This is not just about computer chips and high-tech gear. Just about everything we make, in every industry, is headed in the same economic direction, getting cheaper every day. Let’s take just one example: the dropping cost of copper. Plotted over the long term (since 1800), the graph of its price drifts downward. While it trends toward zero (despite ups and downs), the price will never reach its limit of the absolutely free. Instead it steadily creeps closer and closer to the ideal limit, in an infinite series of narrowing gaps. This pattern of paralleling the limit but never crossing it is called approaching the asymptote. The price here is not zero, but effectively zero. In the vernacular it is known as “too cheap to meter”—too close to zero to even keep track of.

That leaves the big question in an age of cheap plentitude: What is really valuable? Paradoxically, our attention to commodities is not worth much. Our monkey mind is cheaply hijacked. The remaining scarcity in an abundant society is the type of attention that is not derived or focused on commodities. The only things that are increasing in cost while everything else heads to zero are human experiences—which cannot be copied. Everything else becomes commoditized and filterable.
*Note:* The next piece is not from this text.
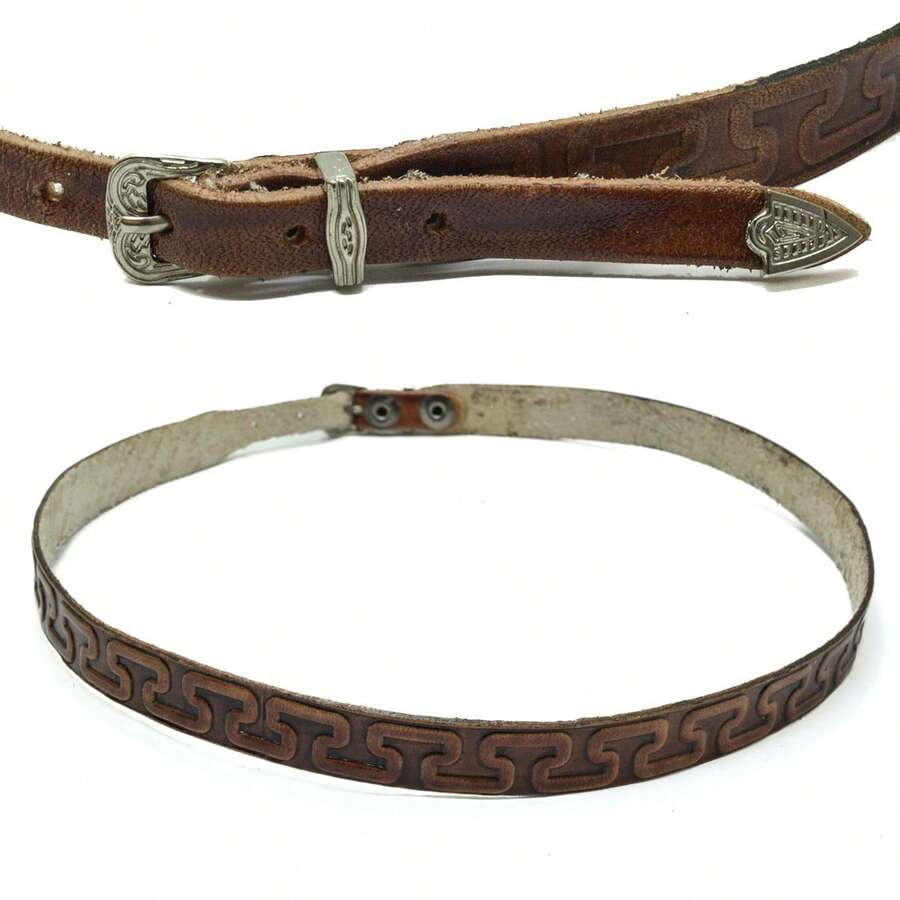 Atrevidu's Leather Hat Band - Caramelo±Grega±M - View 1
The value of experience is rising. Luxury entertainment is increasing 6.5 percent annually. Spending at restaurants and bars increased 9 percent in 2015 alone. The price of the average concert ticket has increased by nearly 400 percent from 1981 to 2012. Ditto for the price of health care in the United States. It rose 400 percent from 1982 to 2014. The average U.S. rate for babysitting is $15 per hour, twice the minimum wage. In big U.S. cities it is not unusual for parents to spend $100 for child care during an evening out. Personal coaches dispensing intensely personal attention for a very bodily experience are among the fastest growing occupations. In hospice care, the cost of drugs and treatments is in decline, but the cost of home visits—experiential—is rising. The cost of weddings has no limit. These are not commodities. They are experiences. We give them our precious, scarce, fully unalloyed attention. To the creators of these experiences, our attention is worth a lot. Not coincidentally, humans excel at creating and consuming experiences. This is no place for robots. If you want a glimpse of what we humans do when the robots take our current jobs, look at experiences. That’s where we’ll spend our money (because they won’t be free) and that’s where we’ll make our money. We’ll use technology to produce commodities, and we’ll make experiences in order to avoid becoming a commodity ourselves.

The funny thing about a whole class of technology that enhances experience and personalization is that it puts great pressure on us to know who we are. We will soon dwell smack in the middle of the Library of Everything, surrounded by the liquid presence of all existing works of humankind, just within reach of our fingertips, for free. The great filters will be standing by, quietly guiding us, ready to serve us our wishes. “What do you want?” the filters ask. “You can choose anything; what do you choose?” The filters have been watching us for years; they anticipate what we will ask. They can almost autocomplete it right now. Thing is, we don’t know what we want. We don’t know ourselves very well. To some degree we will rely on the filters to tell us what we want. Not as slave masters, but as a mirror. We’ll listen to the suggestions and recommendations that are generated by our own behavior in order to hear, to see who we are. The hundred million lines of code running on the million servers of the intercloud are filtering, filtering, filtering, helping us to distill ourselves to a unique point, to optimize our personality. The fears that technology makes us more uniform, more commoditized are incorrect. The more we are personalized, the easier it is for the filters because we become distinct, an actualized distinction they can reckon with. At its heart, the modern economy runs on distinction and the power of differences—which can be accentuated by filters and technology. We can use the mass filtering that is coming to sharpen who we are, for the personalization of our own person.

More filtering is inevitable because we can’t stop making new things. Chief among the new things we will make are new ways to filter and personalize, to make us more like ourselves.